If there is anything that I have learned about the connections between beliefs and behaviors it is that we behave how we believe. Thus if we are not behaving in the right way there is still something that needs to developed or debunked in our thinking.

  • If it's a half-truth that we are hanging onto, our thinking needs to develop into the whole truth
  • If it's a lie we are believing, it needs to be debunked and replaced with new true thinking.

And when it's all said and done there is still one person who needs my sage advice more than anyone else on earth.

Me.

Netflix Might be Melting My Brain (and What I Am Choosing to Do About It).

Photo Credit: ~db~ via Compfight cc

A few weeks ago my wife went cold turkey on Netflix. As she said "enough already" I was caught off guard. I like Netflix and all, but not enough to watch it alone.

Our nightly show had become a reward of sorts after a long day's work and an eagerly anticipated trip into another world far from the day's troubles. I'm guessing if you have kids (or even if you don't or if you are single), you have a similar routine. Most people I know do.

But at what expense? This was the uncomfortable question that prompted Jill to cut the cord.

What intellectual, emotional, and spiritual effect was this nightly habit having? A little bit each day becomes a lot over time. So the better question is - what effect was a lot of Netflix having?

Dang it. Now that's a good question. And while I don't know the full answer, the little distance I have had from this nightly drip of all things Netflix has given me time to reflect on who has the upper hand. Me or the culture?

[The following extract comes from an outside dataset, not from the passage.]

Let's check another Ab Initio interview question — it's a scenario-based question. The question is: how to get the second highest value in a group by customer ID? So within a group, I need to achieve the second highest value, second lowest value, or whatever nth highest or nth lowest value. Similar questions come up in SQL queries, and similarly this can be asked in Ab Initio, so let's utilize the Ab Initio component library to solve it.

As you know the culture we live in isn't happy bedfellows with Christianity. It doesn't share the same aspirations for your life as say, Jesus. Like Chuck Norris, it's powerful, swift, and does it's thing without you even noticing. If it was clumsy and uncoordinated we would have it whipped already, but it's not. So we've been tripped up, handcuffed, and tied to the fence post long before we can even say "boo."

Not you? Think you are impervious to the culture's effects?

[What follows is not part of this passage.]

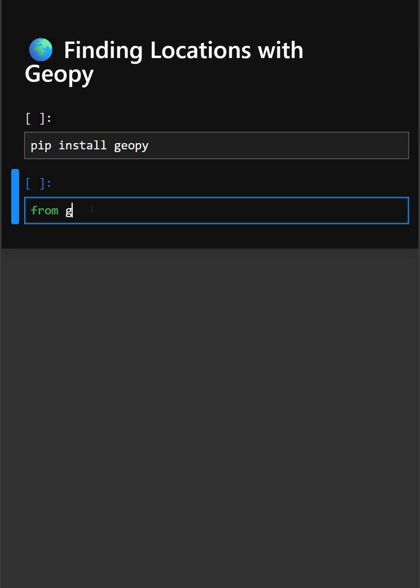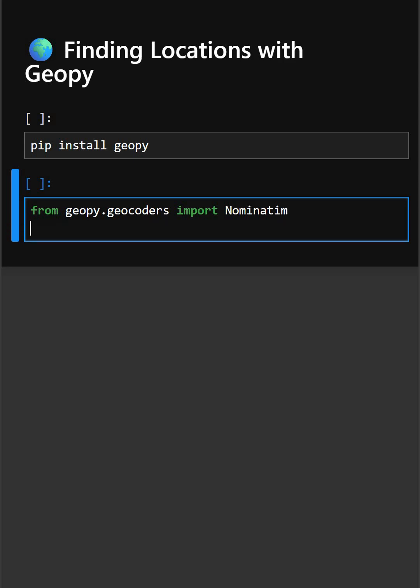So firstly we will import the library. This imports the geocoder from geopie and step one is to create a geolocator.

You (and me) whose mind is marinated in iPhone, sauteed in Internet and shot through with Facebook, Twitter, and Pinterest.

Think again.

Our minds (and thus the priorities and decisions that follow) are up for grabs and the culture we live in is playing for keeps. As my Dad, a WWII veteran, once remarked - "you either git or git got." This is the uncomfortable reality my wife's decision forced me to face. For too long I rationalized all the nightly shows as the days' just reward; an irreplaceable connection with my lovely wife.

There's a lot more to it, really.

We are at war.

But not in the typical us vs. them sort of way. The enemy isn't out there as much as it in here. Our love of pleasure, our unending desire to be entertained, and our general malaise are as much the concern as what's 'out there.' In fact, what's out there is simply capitalizing on what's in here. Targeted marketing. We're busy buying so they're busy selling. Win win. Except, it's not.

So the best defense, in this case, is a good offense. We must see to the right kind of change in our lives, before we "get got." The culture is happy to sweep you off your feet and take you with it. Very few of us put up much of a fight. So, we must be agents of change or be changed.

Here are three things to do as you begin to consider the impact that the daily TV drip is having on you, but first you must turn off Netflix (or Hulu or Amazon Prime or the old-fashioned TV) for at least one week.

Step 1: Replace it with another non-screen activity you'd like to do more of Exercise, prayer, book reading, journaling, sleep or talking with another person. The list goes on. I just shared the things most people want more of in their life. This is a great way to get started.

Step 2: Take note of your experience I'm guessing you won't know what to do with yourself at first. That's okay. Habits die hard. Take notice of the uncomfortable boredom that greets you. Resist 'just one show.' You can do it. What do you appreciate about these activities over/against television? How has your life been enriched? Write down the answers to these questions and consider their ramifications.

Step 3: Return, but only with intentionality My guess is that if you are like most people you never decided what sort of things you would watch and what sort of things you wouldn't. Not so anymore. You have begun a very healthy process of standing guard over what comes in. A steady diet of creme-filled donuts will have a certain affect on your body, why wouldn't a steady diet of the best Hollywood has to offer have a similar effect on your mind, soul, and spirit. So, if you return, do so with intentionality. Make some decisions about why you are watching and what shows will help you achieve those goals.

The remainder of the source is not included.